The legal problems affecting the claim
In those days, it was only in specific and limited circumstances that the law supported the existence of a ‘duty of care’ to people harmed by the negligent acts of others. For example, this was the case where a contract existed between the parties or where a manufacturer was acting fraudulently or making something dangerous.
As the law stood at that time, May Donoghue had no basis for legal action over her snail. As May’s unnamed friend had paid for the drink, it meant there was no contract between May and the café owner.
Also, it was clearly the case that neither May nor her friend had a contract with the manufacturer of the ginger beer. There was no fraud on the part of the manufacturer and the ginger beer was not dangerous in itself.
May’s solicitor raises proceedings
May’s claim was taken on by a solicitor called Walter Leechman, even though his previous experience of this type of scenario could hardly be said to be encouraging for him or for May.
He had already brought two cases against another drinks manufacturer, AG Barr, alleging a dead mouse had been found in a bottle of their ginger beer.
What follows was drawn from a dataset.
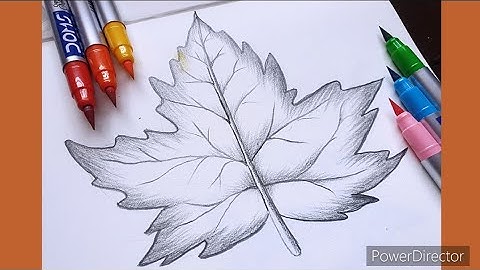 How to draw a Maple 🍁 Leaf step by step | Maple Leaf Drawing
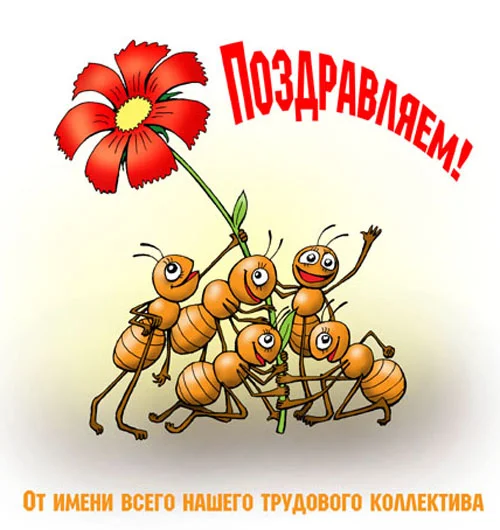 ba0d648cb21a.webp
Leechman had lost both cases, in 1929.
In the circumstances, it is unlikely that there would have been many solicitors willing to run the case.
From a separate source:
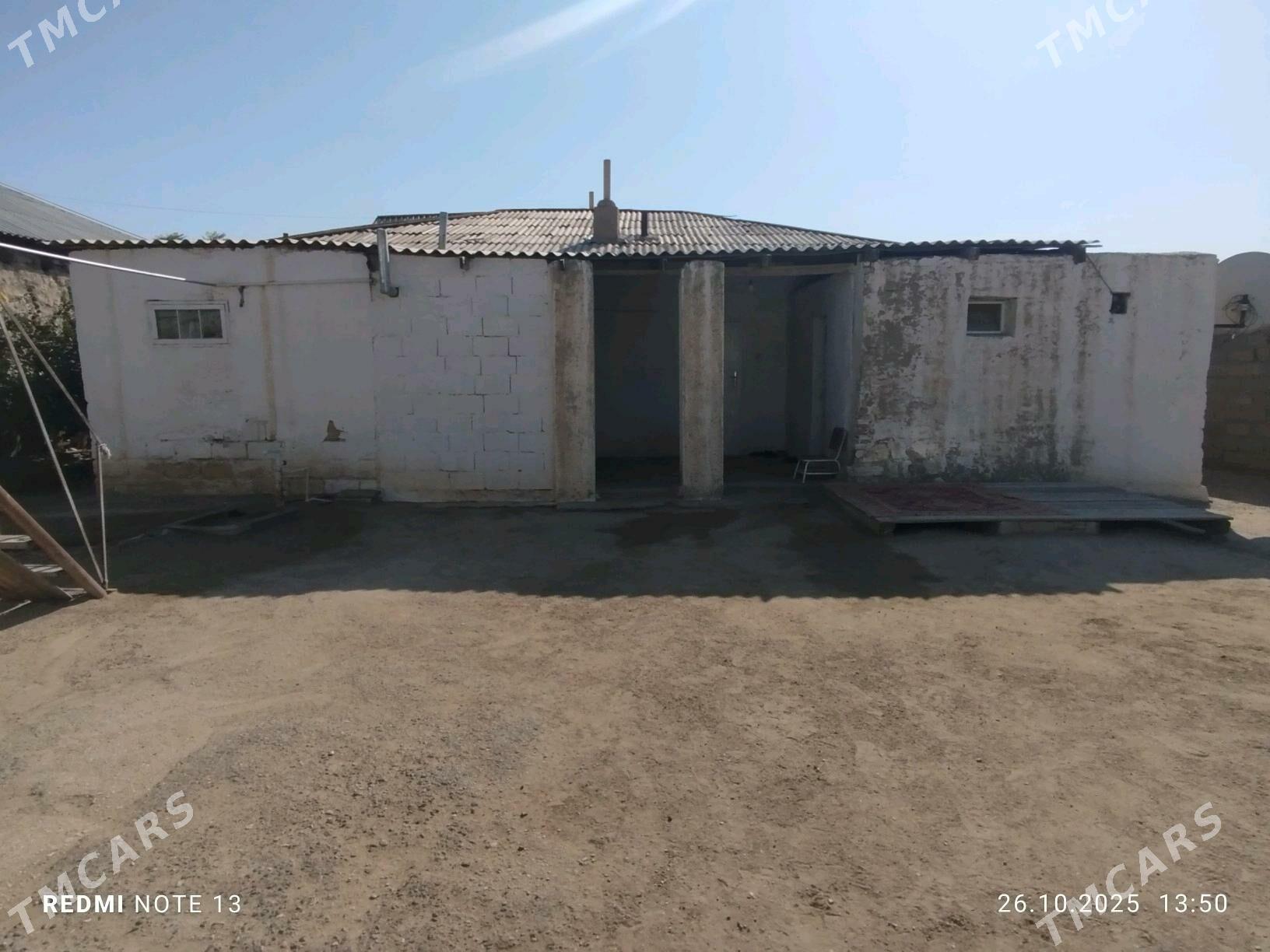 jaý Jebel - Джебел - img 2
Nevertheless, Walter Leechman went ahead and raised an action in the Court of Session against David Stevenson, the manufacturer of the ginger beer.
The claim failed in the Court of Session.
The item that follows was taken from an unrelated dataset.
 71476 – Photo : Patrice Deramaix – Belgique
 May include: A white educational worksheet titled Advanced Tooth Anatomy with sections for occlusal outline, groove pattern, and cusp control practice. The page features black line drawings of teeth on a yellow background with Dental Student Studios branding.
The judges took the view that there was no difference in legal effect between a mouse in a bottle and a snail in a bottle. So, in order to continue with her claim, May Donoghue would have to appeal to the highest Court in the land, the House of Lords (nowadays, the Supreme Court).
Walter Leechman had to do the work for no fee and he had to find advocates prepared to do the same. May Donoghue had to be given “pauper” status.
The claim in the House of Lords
In the House of Lords, it was argued on May’s behalf that a manufacturer is liable for any damage caused if it puts a product on the market in a form that does not allow the consumer to examine it before using it. Remember that May could not have examined her ginger beer before drinking it because the bottle was dark and opaque.
A panel of five judges heard the appeal. One of them was Lord Atkin of Aberdovey.
On 26 May 1932, he gave the leading judgement in the case, finding in favour of May Donoghue (allowing a Proof (‘trial’)). The panel of Judges had divided overall 3-2 in May’s favour. The other two judges forming part of the majority were both Scottish judges – Lords MacMillan and Thankerton.
The neighbour principle
Lord Atkin based his judgement on the Christian principle of ‘loving thy neighbour’, and the parable of the Good Samaritan (Luke 10: 25 – 37).
He said:
The rule that you are to love your neighbour becomes in law ‘You must not injure your neighbour’; and the lawyer’s question: ‘Who is my neighbour?’ receives a restricted reply. You must take reasonable care to avoid acts or omissions which you can reasonably foresee would be likely to injure your neighbour.
And with those words came the birth of the modern law of negligence.
Lord Atkin’s test could now be applied to almost any relationship, in any circumstances.
Negligence was defined as something which you can reasonably foresee will injure someone else and who is likely to be affected by your actions or lack of actions.
And what of the outcome of the case?
David Stevenson died within a year of the House of Lords’ judgement and his executors negotiated a settlement of the claim.
Over the last 80 years or so, Lord Atkin’s test has been refined by decisions in a number of subsequent cases. During that time, the categories of case where negligence claims can succeed have generally become well-known and understood, though the categories are ‘never closed’.